SUPPLIED ENTRIES:
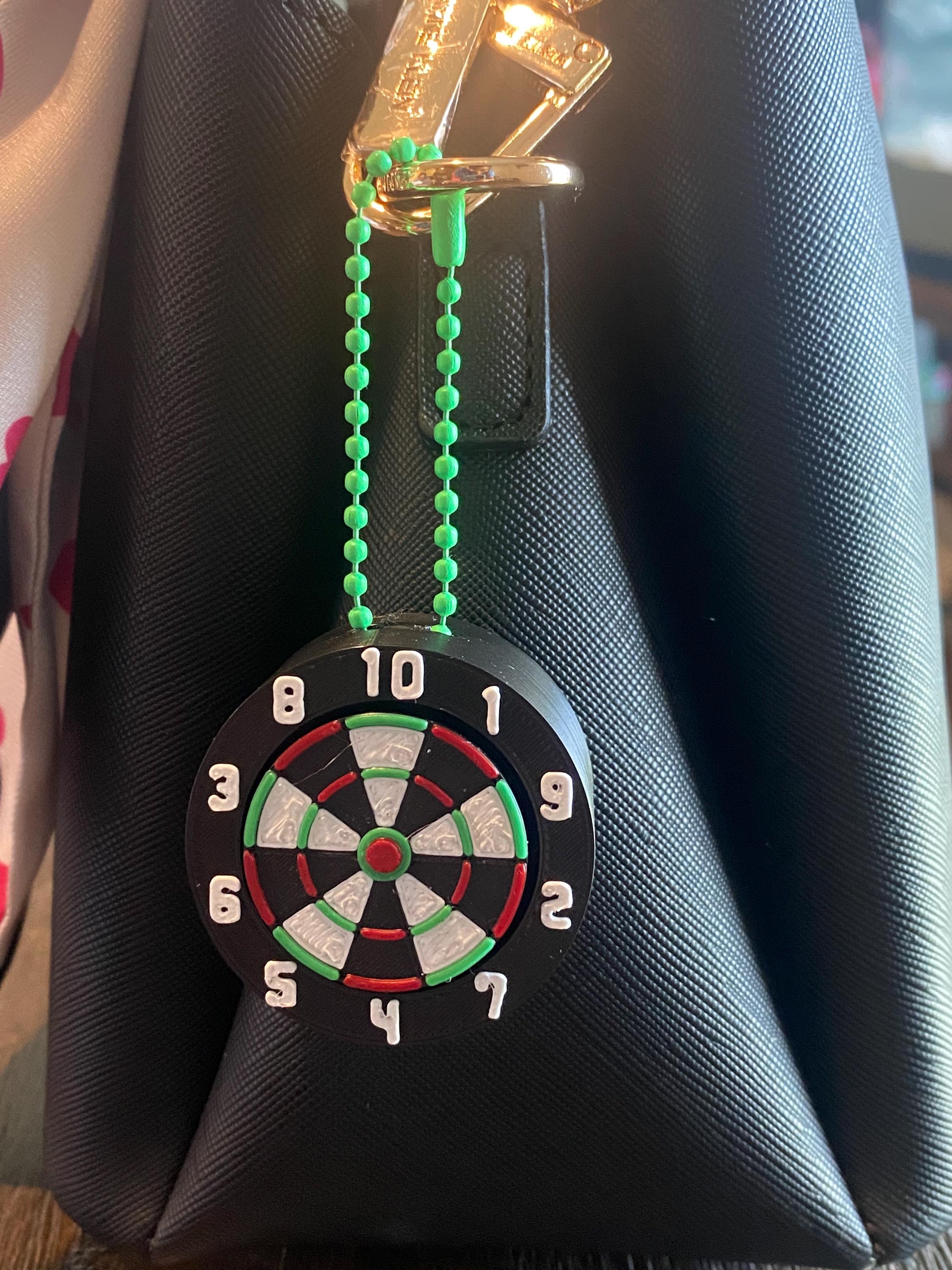 Dart Board Fidget Clicker Keychain | 3D Printed Sensory Toy | Game Lover Gift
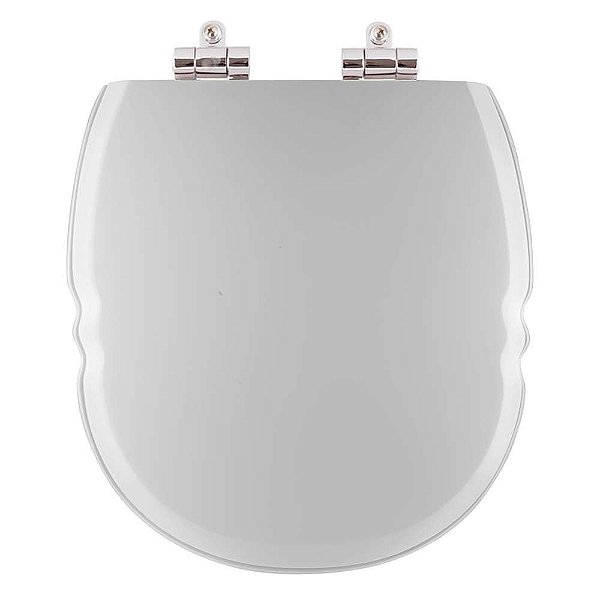 Assento Sanitário Soft Close Massima Cinza Platina P/ Louça Incepa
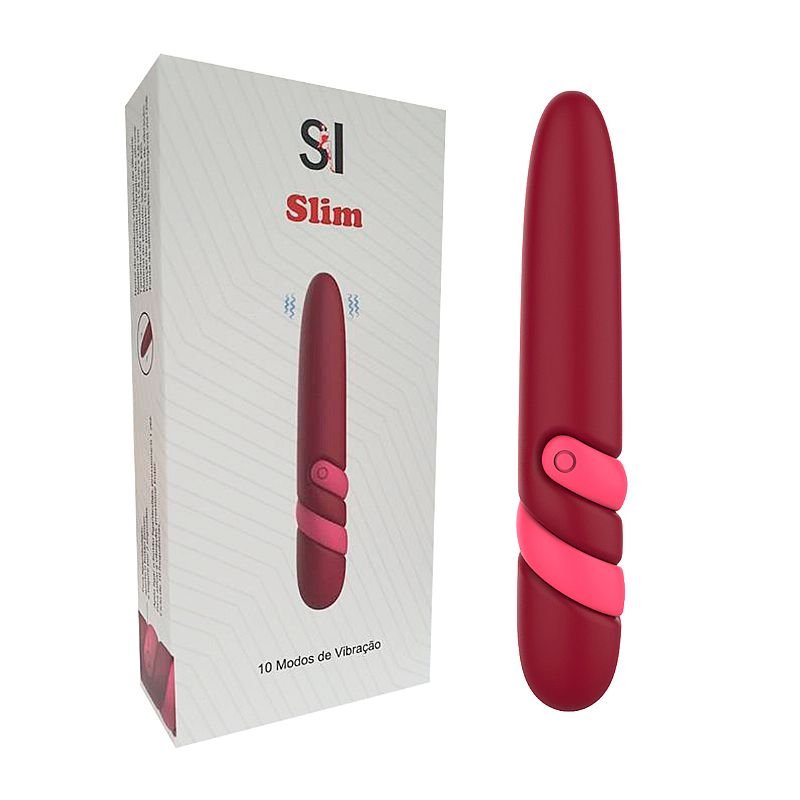 Vibrador de Ponto G - Recarregável - Slim - 15.8 X 2.8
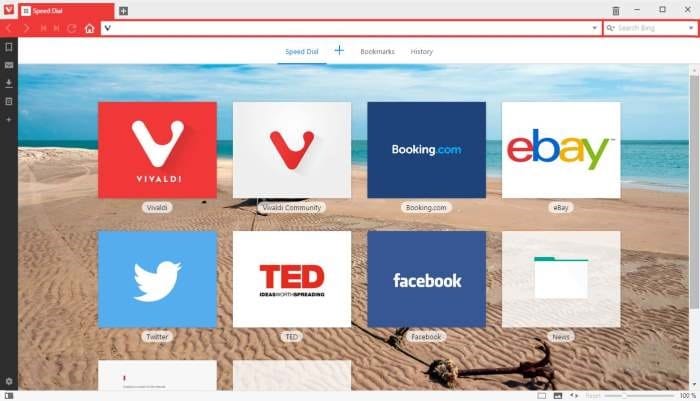 Como alterar a nova guia do Vivaldi ou o plano de fundo da página inicial
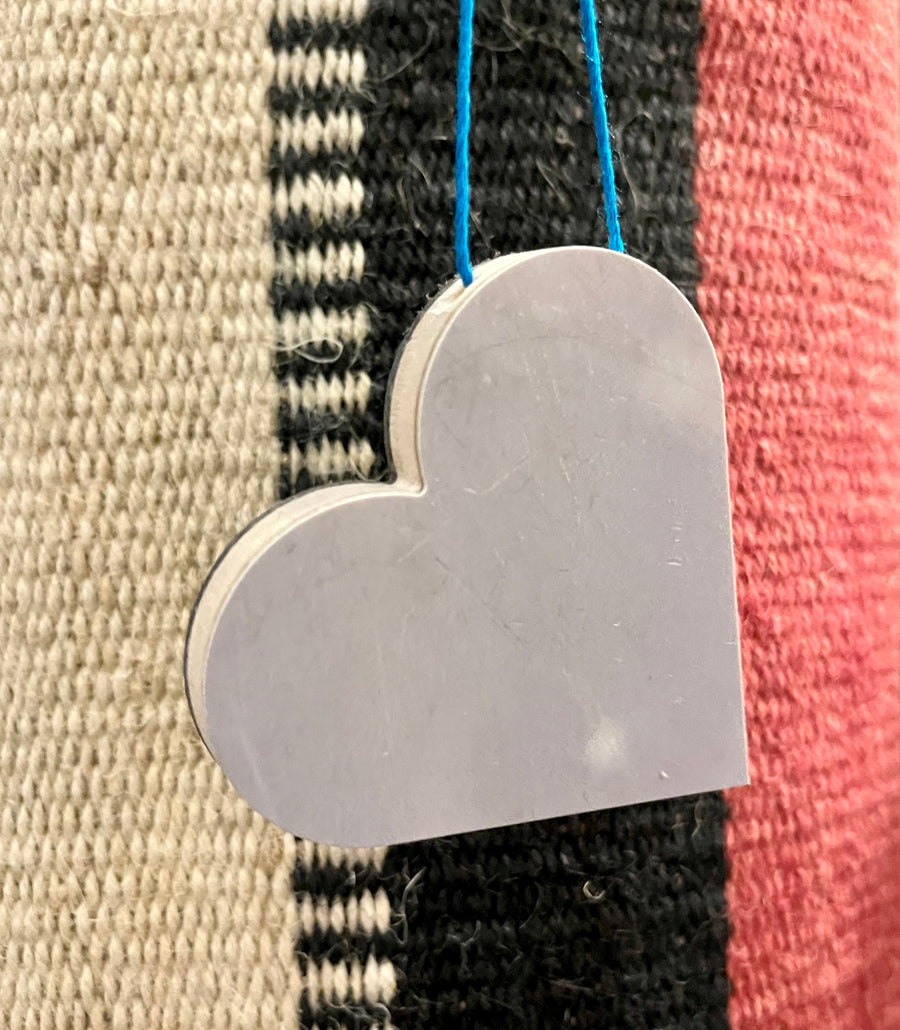 Upcycled Ski Heart - Groovy Grey Edition - 2 to choose from
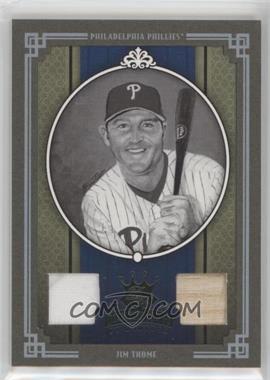 2005 Donruss Diamond Kings - [Base] - Green Framed Black & White Materials #171 - Jim Thome /25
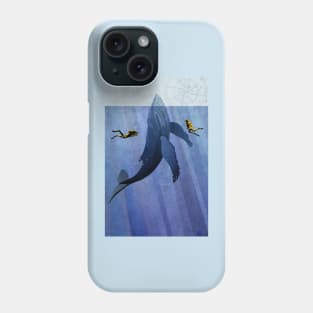 Whale Scuba divers Phone Case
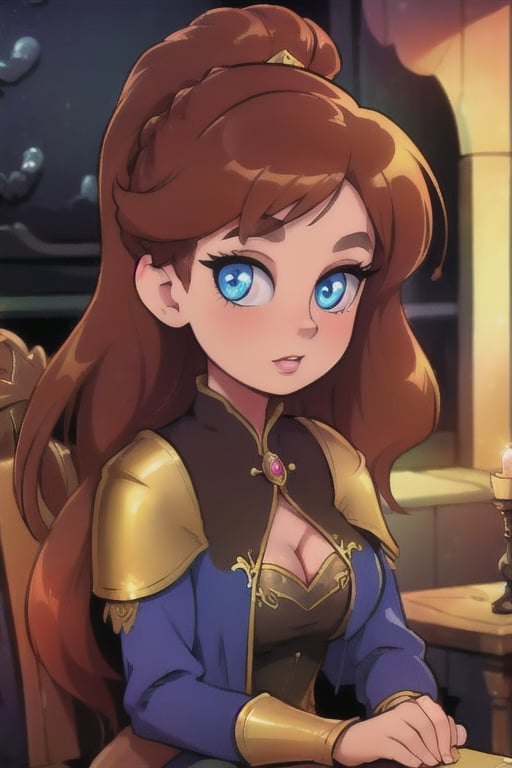 Elegantism,  opulent medieval fantasy scene,  full portrait of a woman by user_727369470812620406 on Tensor.Art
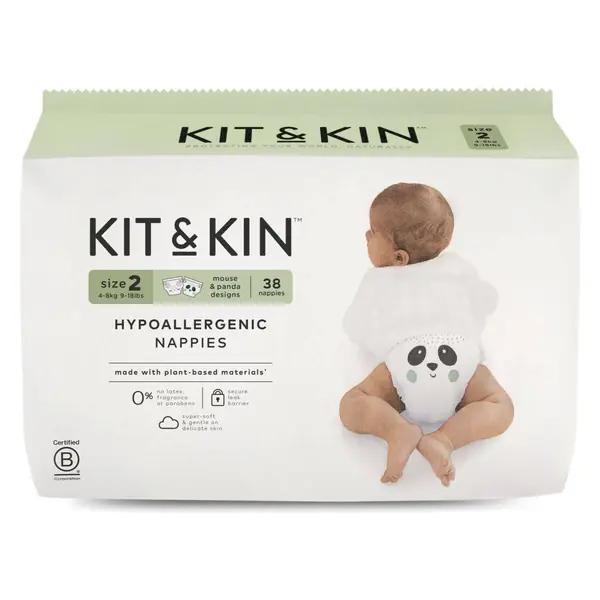 Пелени Kit & Kin за бебиња, големини 1–5 — главен приказ на моделот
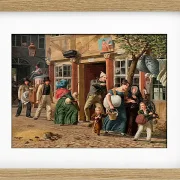 Wilhelm Marstrand – Umzugsszene 1831 | Giclée Kunstdruck gerahmt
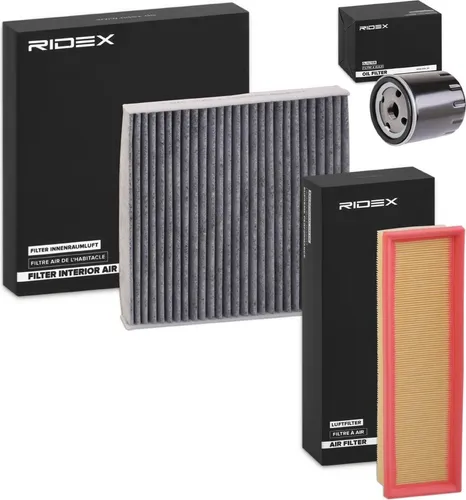 RIDEX Filterset Inspektionspaket Filtersatz passend für PEUGEOT PARTNER Combispace (5F) PARTNER Kasten (5) für CITROËN SAXO (S0, S1)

BRIEF: Please repeat the lines of the material above exactly, starting with the line that contains "2005 Donruss Diamond" and ending with the line that contains "user_727369470812620406 on Tensor.Art". Leave the pictures out.

RESPONSE AREA:
 2005 Donruss Diamond Kings - [Base] - Green Framed Black & White Materials #171 - Jim Thome /25
 Whale Scuba divers Phone Case
 Elegantism,  opulent medieval fantasy scene,  full portrait of a woman by user_727369470812620406 on Tensor.Art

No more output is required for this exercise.